After 5,000 years, Indian society is adept at absorbing a vast diversity of people and cultures.When most people travel, they compare experiences, trying to establish a known entity as the basis for understanding an unknown entity. “This temple reminds me of that ruin” and so forth. In India, there is nothing that reminds you of anything but India. British strongholds have arched porticos covered with sacred Hindu characters. Soaring Arabic minarets have carved Hindu gods. Buddhist, Sikh, and Hindu temples, Islamic mosques, Catholic churches, American hotels and McDonalds all recognize Hindu deities and inscriptions. John Deere Tractors park next to teathered water buffalo carts. Proud privileged women bundled in beautiful hand-woven silk pashminas pass proud, hardworking women bundled in heavy loads of hand-harvested sugar cane.
In this atmosphere of differences, one idea unites the parents of India with the parents of the world: love for their children and desire to protect them from harm as they grow to adulthood. It’s why I journeyed over 8,000 miles to volunteer for India’s NID. I, too, am a parent and polio still harms children.

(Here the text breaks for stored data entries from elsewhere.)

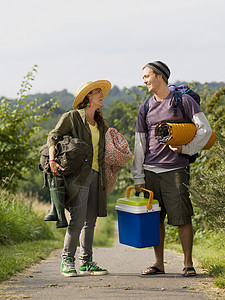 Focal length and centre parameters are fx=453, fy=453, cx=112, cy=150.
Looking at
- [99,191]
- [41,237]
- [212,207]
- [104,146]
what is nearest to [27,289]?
[99,191]

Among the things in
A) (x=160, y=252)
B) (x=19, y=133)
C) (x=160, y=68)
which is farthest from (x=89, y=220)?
(x=19, y=133)

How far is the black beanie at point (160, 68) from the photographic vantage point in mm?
4836

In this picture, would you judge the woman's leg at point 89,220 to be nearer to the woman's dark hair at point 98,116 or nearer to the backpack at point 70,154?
the backpack at point 70,154

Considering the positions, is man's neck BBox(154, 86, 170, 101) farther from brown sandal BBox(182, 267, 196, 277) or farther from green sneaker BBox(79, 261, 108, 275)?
green sneaker BBox(79, 261, 108, 275)

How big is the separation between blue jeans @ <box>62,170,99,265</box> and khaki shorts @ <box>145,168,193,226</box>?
1.96 ft

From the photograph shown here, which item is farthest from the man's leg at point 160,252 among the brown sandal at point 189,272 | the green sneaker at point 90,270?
the green sneaker at point 90,270

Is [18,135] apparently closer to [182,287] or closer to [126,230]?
[126,230]

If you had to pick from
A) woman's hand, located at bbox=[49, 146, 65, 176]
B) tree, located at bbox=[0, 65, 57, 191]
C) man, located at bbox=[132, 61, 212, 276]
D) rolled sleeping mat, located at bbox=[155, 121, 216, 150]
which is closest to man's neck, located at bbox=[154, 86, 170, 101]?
man, located at bbox=[132, 61, 212, 276]

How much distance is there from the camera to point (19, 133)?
11.1m

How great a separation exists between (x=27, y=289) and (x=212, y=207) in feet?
6.60

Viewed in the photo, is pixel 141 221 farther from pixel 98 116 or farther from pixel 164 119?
pixel 98 116

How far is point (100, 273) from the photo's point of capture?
494 centimetres

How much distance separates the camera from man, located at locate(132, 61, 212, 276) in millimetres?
4746

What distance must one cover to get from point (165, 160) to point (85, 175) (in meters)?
0.86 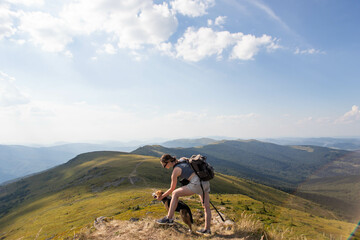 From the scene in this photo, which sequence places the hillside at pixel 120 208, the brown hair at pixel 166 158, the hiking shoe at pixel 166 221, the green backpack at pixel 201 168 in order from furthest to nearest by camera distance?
the hillside at pixel 120 208 < the hiking shoe at pixel 166 221 < the brown hair at pixel 166 158 < the green backpack at pixel 201 168

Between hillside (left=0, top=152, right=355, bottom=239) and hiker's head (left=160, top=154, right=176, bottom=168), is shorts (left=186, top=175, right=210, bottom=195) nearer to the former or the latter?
hiker's head (left=160, top=154, right=176, bottom=168)

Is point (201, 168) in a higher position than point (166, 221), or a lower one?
higher

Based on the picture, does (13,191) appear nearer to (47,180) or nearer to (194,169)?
(47,180)

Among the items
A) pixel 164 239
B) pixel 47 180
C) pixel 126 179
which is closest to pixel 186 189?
pixel 164 239

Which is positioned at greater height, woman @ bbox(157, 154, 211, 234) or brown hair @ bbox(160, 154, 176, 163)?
brown hair @ bbox(160, 154, 176, 163)

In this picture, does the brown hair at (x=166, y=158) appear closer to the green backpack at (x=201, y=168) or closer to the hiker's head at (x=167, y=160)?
the hiker's head at (x=167, y=160)

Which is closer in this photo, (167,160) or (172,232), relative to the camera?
(167,160)

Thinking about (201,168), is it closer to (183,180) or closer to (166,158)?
(183,180)

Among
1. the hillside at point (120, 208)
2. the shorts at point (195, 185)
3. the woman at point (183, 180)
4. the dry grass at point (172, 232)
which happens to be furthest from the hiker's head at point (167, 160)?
the hillside at point (120, 208)

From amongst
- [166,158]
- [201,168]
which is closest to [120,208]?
[166,158]

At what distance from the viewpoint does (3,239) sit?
58.6m

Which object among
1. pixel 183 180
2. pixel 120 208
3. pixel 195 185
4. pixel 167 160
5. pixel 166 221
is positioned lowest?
pixel 120 208

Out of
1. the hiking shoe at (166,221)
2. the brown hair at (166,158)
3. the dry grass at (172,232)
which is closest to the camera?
the dry grass at (172,232)

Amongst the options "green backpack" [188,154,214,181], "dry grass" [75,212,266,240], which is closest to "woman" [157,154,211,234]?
"green backpack" [188,154,214,181]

The polio bacteria thrives in unsanitary conditions in the world’s poorest countries such as India. In America, a child receives an initial vaccine dose and a booster. In countries that suffer from unhealthful conditions, a child needs five or six vaccine doses. Dysentery prevents the vaccine from remaining in a child’s system to develop antibodies to fight off polio’s attack on the central nervous system. It’s the only way to prevent the horrible disfiguration we saw when we visited child victims in hospitals.
When each hectic day ended, we were exhausted but uplifted by having even a small part in this life-giving effort for these beautiful children. Oh, we did see the Taj Mahal on our way back to Delhi – it’s lovely, of course, but it’s the vision of the children who met us with friendship, curiosity and hope that will remain in my heart.